## Task instructions
What you return must match the records below exactly, apart from the omitted pictures.

START Extracted entries

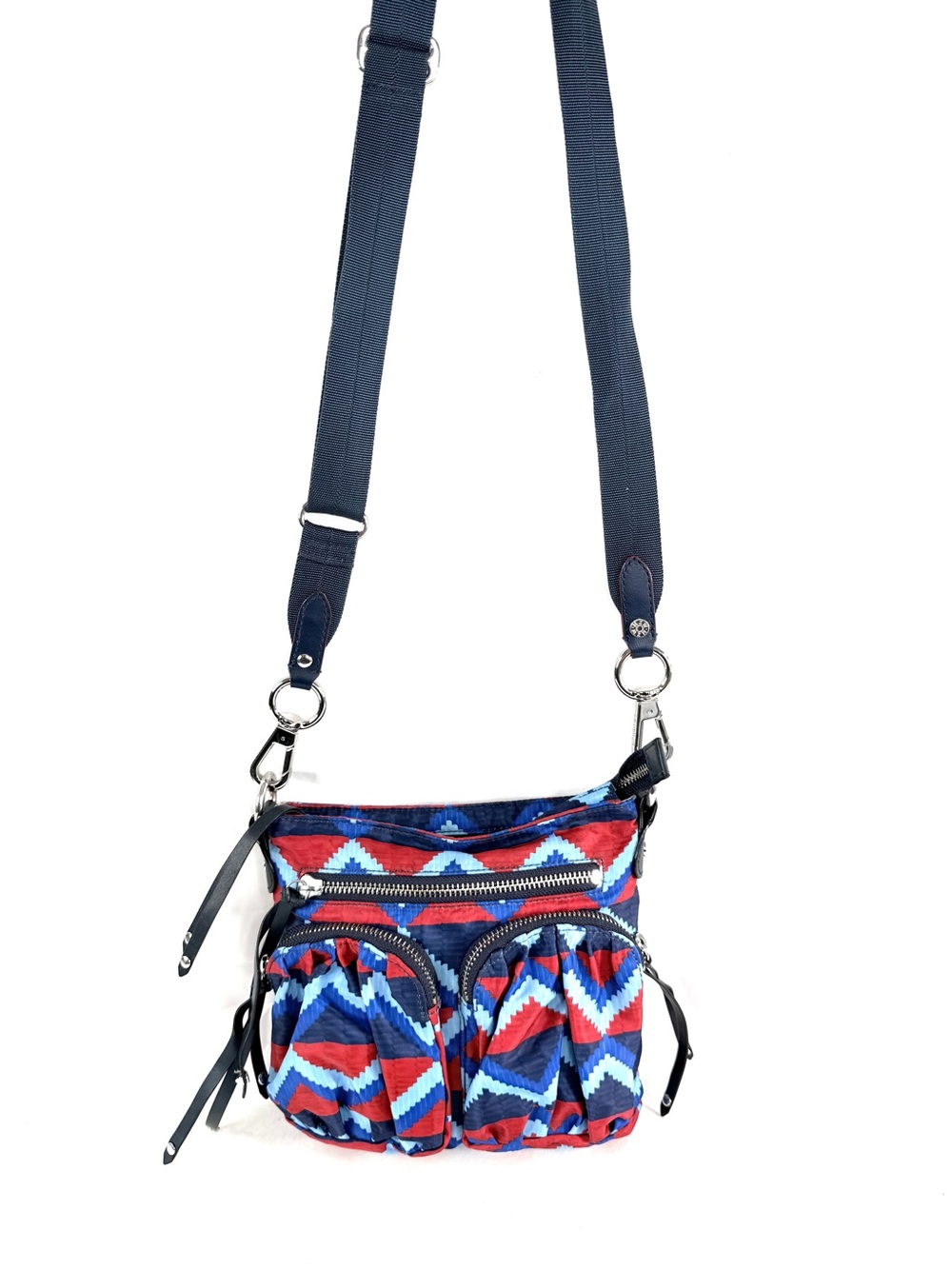 MZ Wallace Blue Red Zig Zag Bedford Small Crossbody Bag Leather Trim Fringe Stud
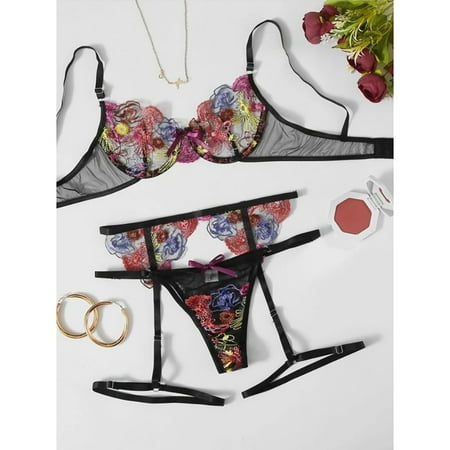RPVATI Sexy Babydoll Lingerie for Women with Garter Floral Lace Teddy 3 Piece Bra and Panty Sets Black XXL
RPVATI Sexy Babydoll Lingerie for Women with Garter Floral Lace Teddy 3 Piece Bra and Panty Sets Black XXL
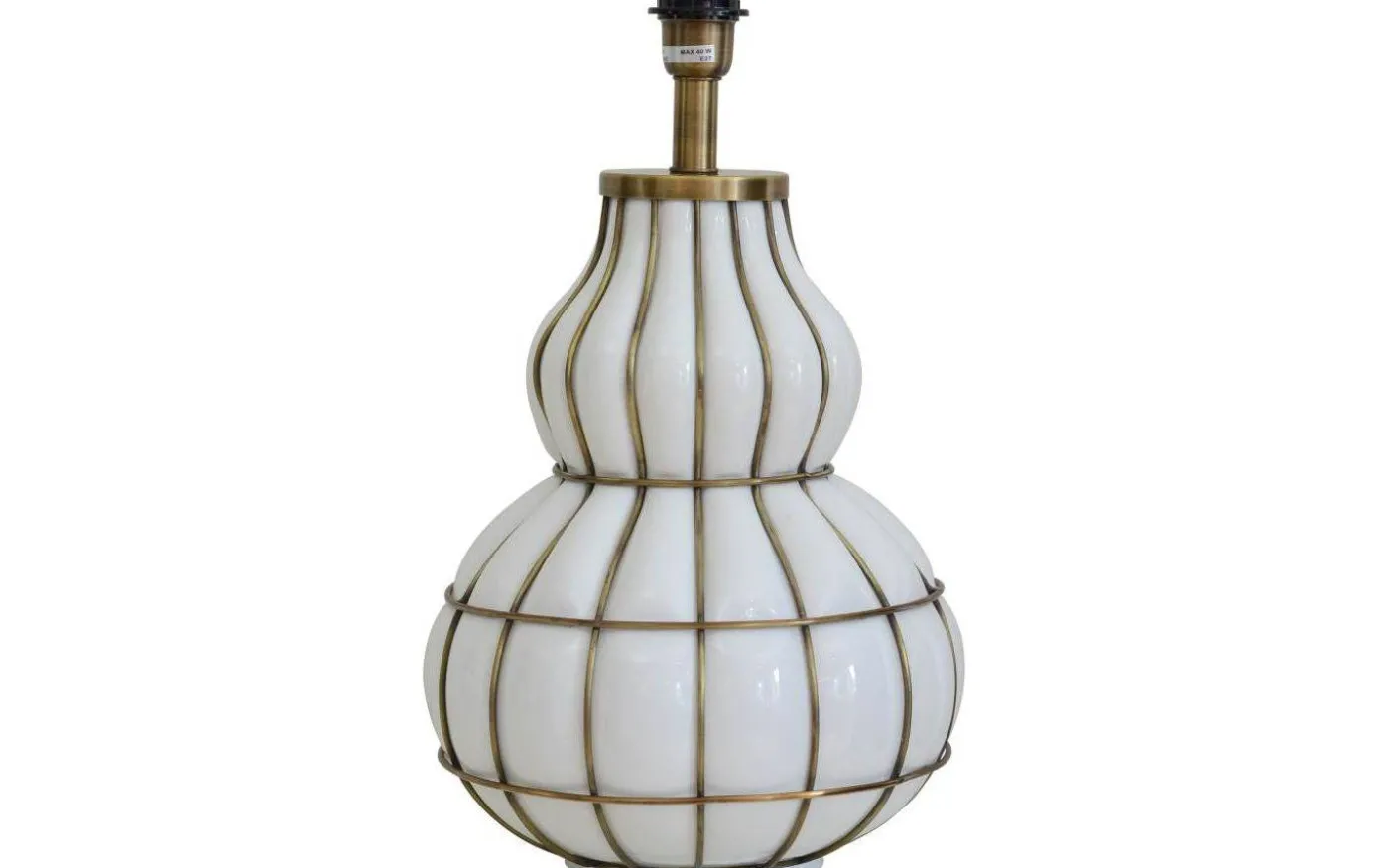 Beatrice Lampfot 50cm Vit/Mässing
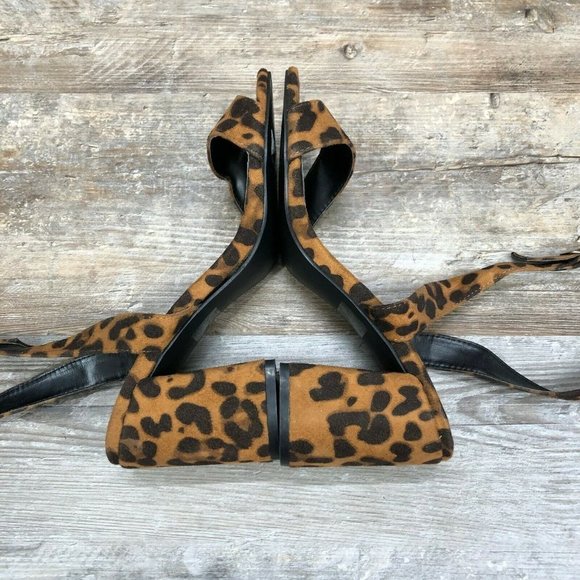Boohoo Block Heel Leopard Print Sandals Wrap Ankle Size 8 Open Toe Brown Black - Picture 9 of 12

END Extracted entries

## Written solution
 MZ Wallace Blue Red Zig Zag Bedford Small Crossbody Bag Leather Trim Fringe Stud
RPVATI Sexy Babydoll Lingerie for Women with Garter Floral Lace Teddy 3 Piece Bra and Panty Sets Black XXL
RPVATI Sexy Babydoll Lingerie for Women with Garter Floral Lace Teddy 3 Piece Bra and Panty Sets Black XXL
 Beatrice Lampfot 50cm Vit/Mässing
Boohoo Block Heel Leopard Print Sandals Wrap Ankle Size 8 Open Toe Brown Black - Picture 9 of 12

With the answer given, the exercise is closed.